Data for review:
▬▬▬▬▬▬▬▬▬▬
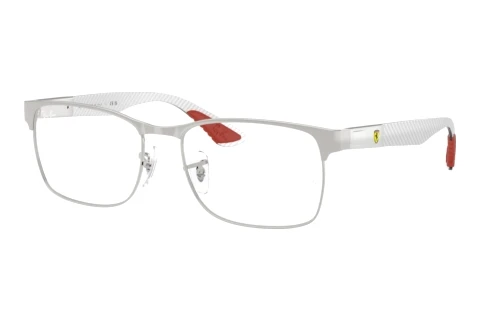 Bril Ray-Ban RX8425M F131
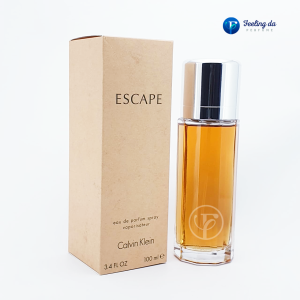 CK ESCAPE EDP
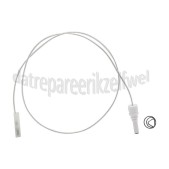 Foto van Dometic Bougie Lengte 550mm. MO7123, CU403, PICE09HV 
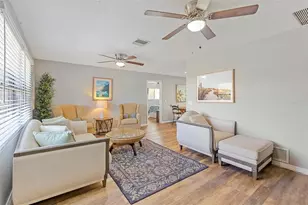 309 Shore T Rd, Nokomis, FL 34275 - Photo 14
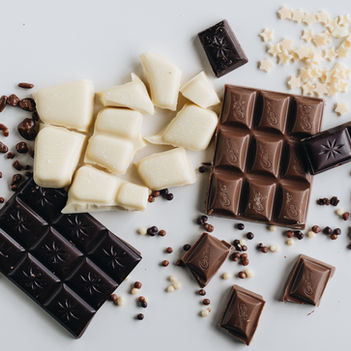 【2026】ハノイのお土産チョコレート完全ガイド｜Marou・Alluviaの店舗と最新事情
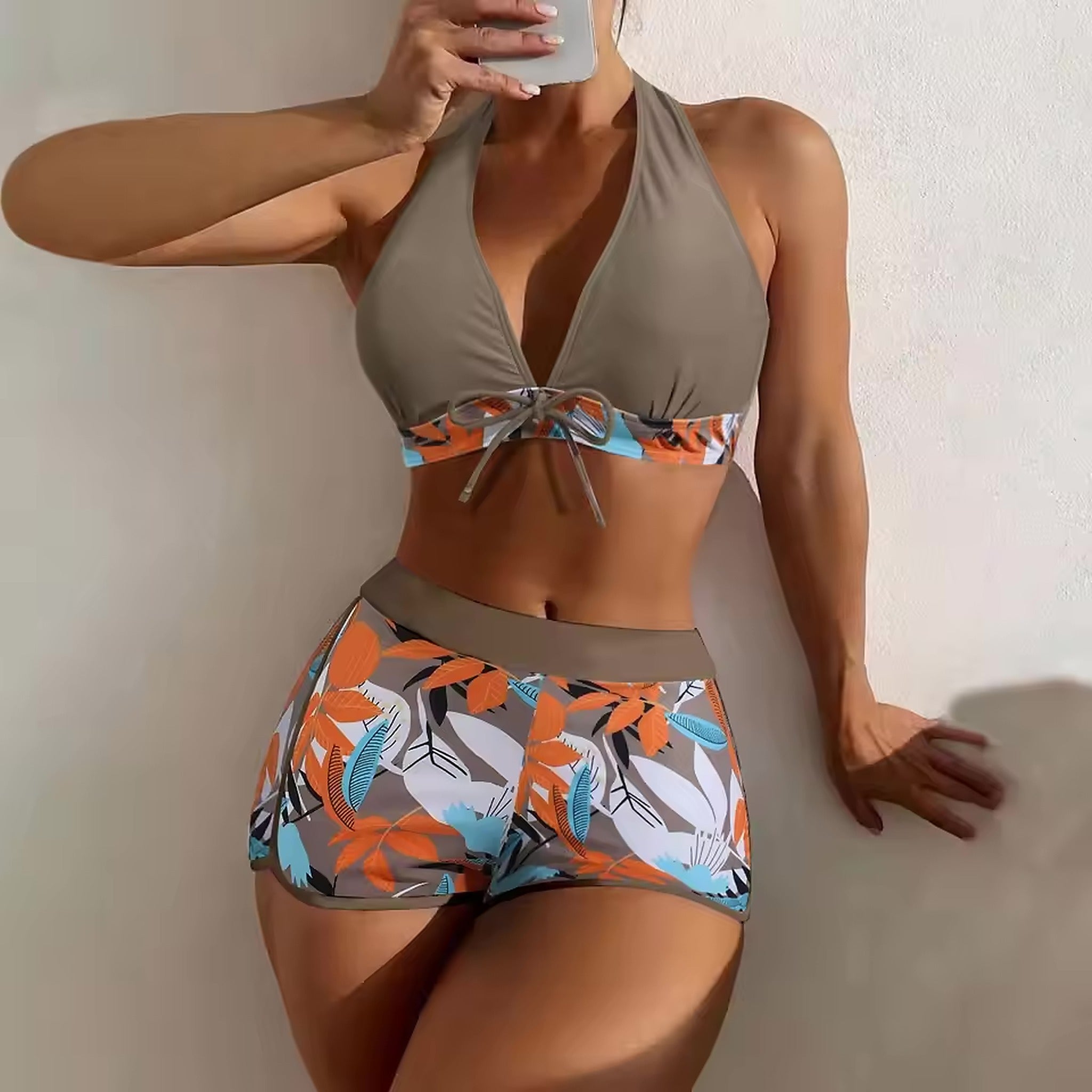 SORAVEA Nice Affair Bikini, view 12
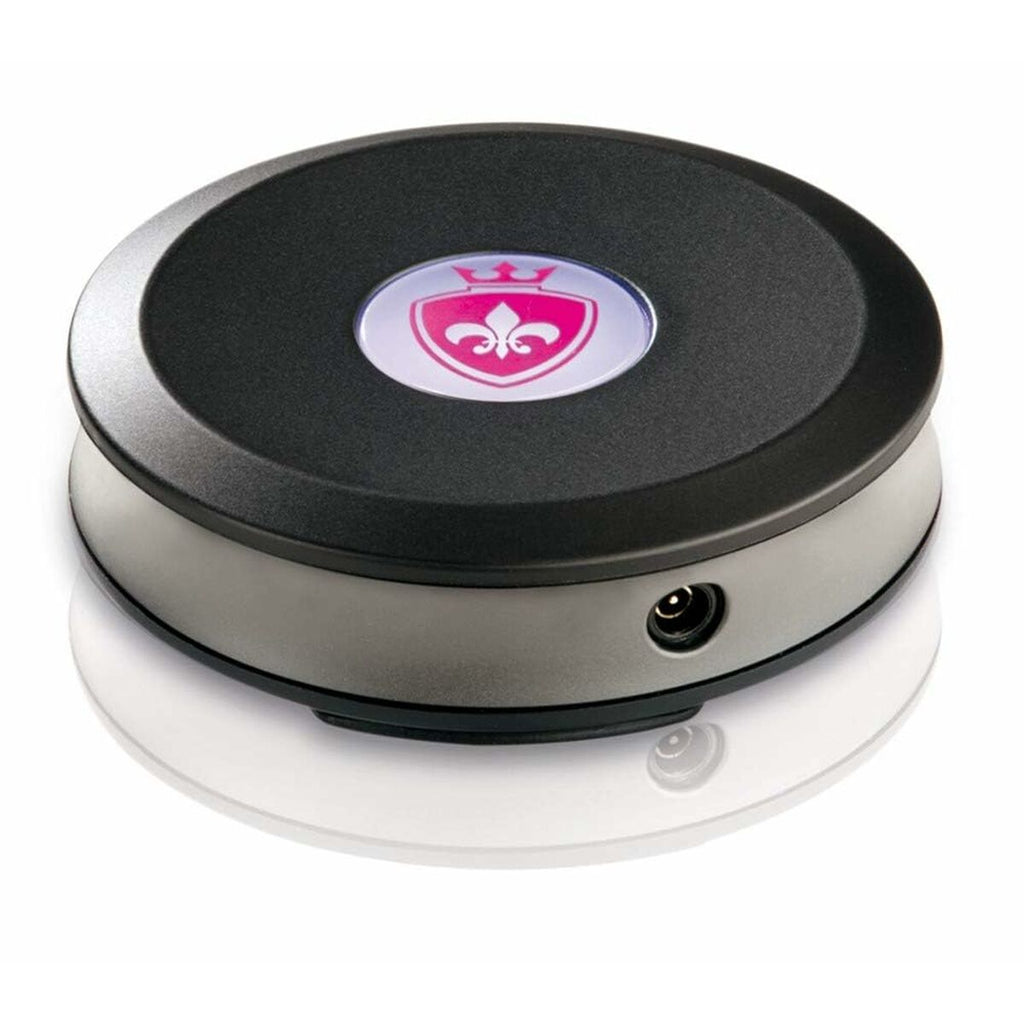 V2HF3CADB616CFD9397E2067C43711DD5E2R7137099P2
▬▬▬▬▬▬▬▬▬▬
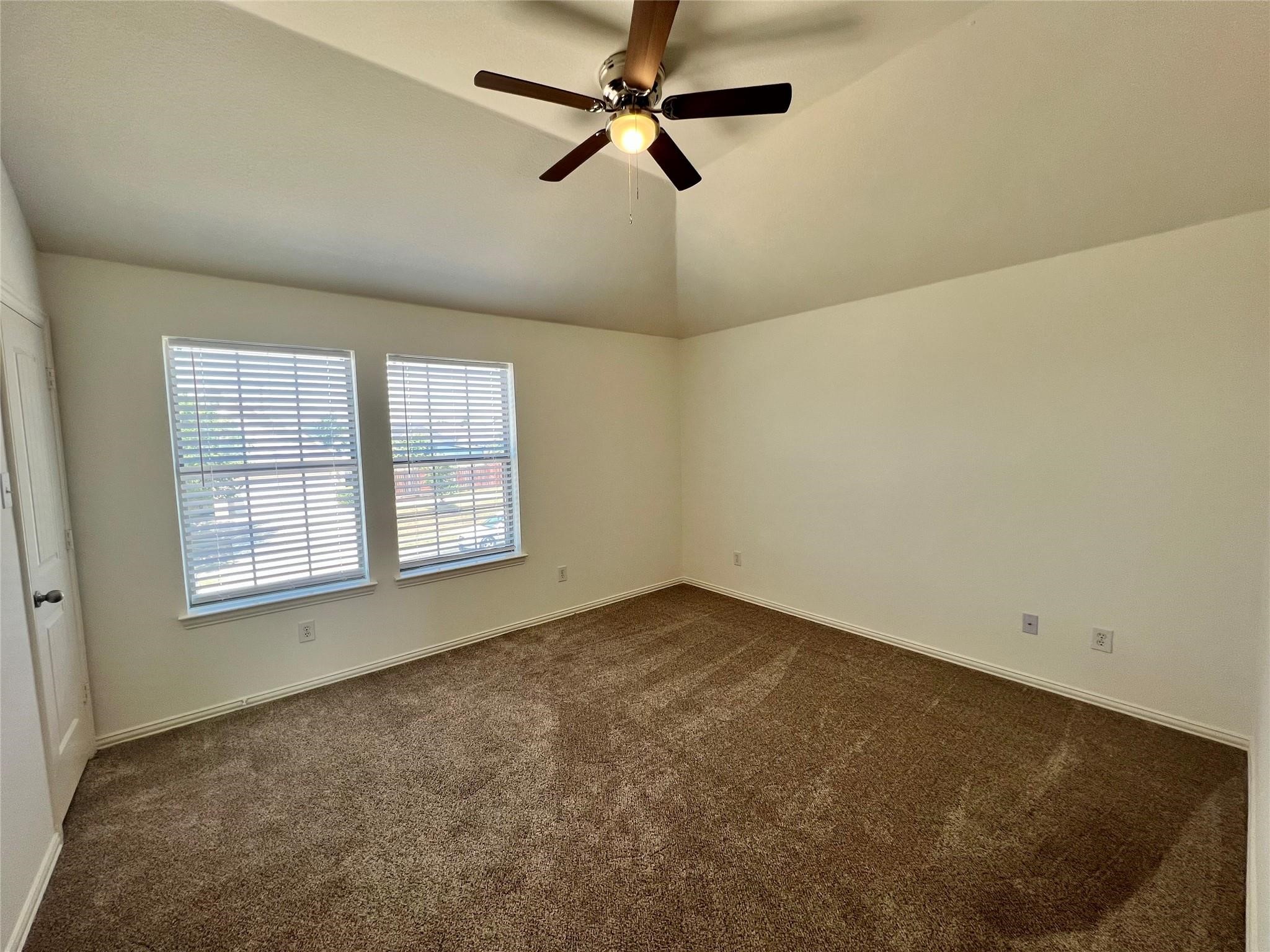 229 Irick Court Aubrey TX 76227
▬▬▬▬▬▬▬▬▬▬
About this exercise:
What are the lines above from the one with "SORAVEA Nice Affair Bikini, view 12" to the one with "V2HF3CADB616CFD9397E2067C43711DD5E2R7137099P2", both included? Reproduce them exactly, without pictures.

The completed task:
 SORAVEA Nice Affair Bikini, view 12
 V2HF3CADB616CFD9397E2067C43711DD5E2R7137099P2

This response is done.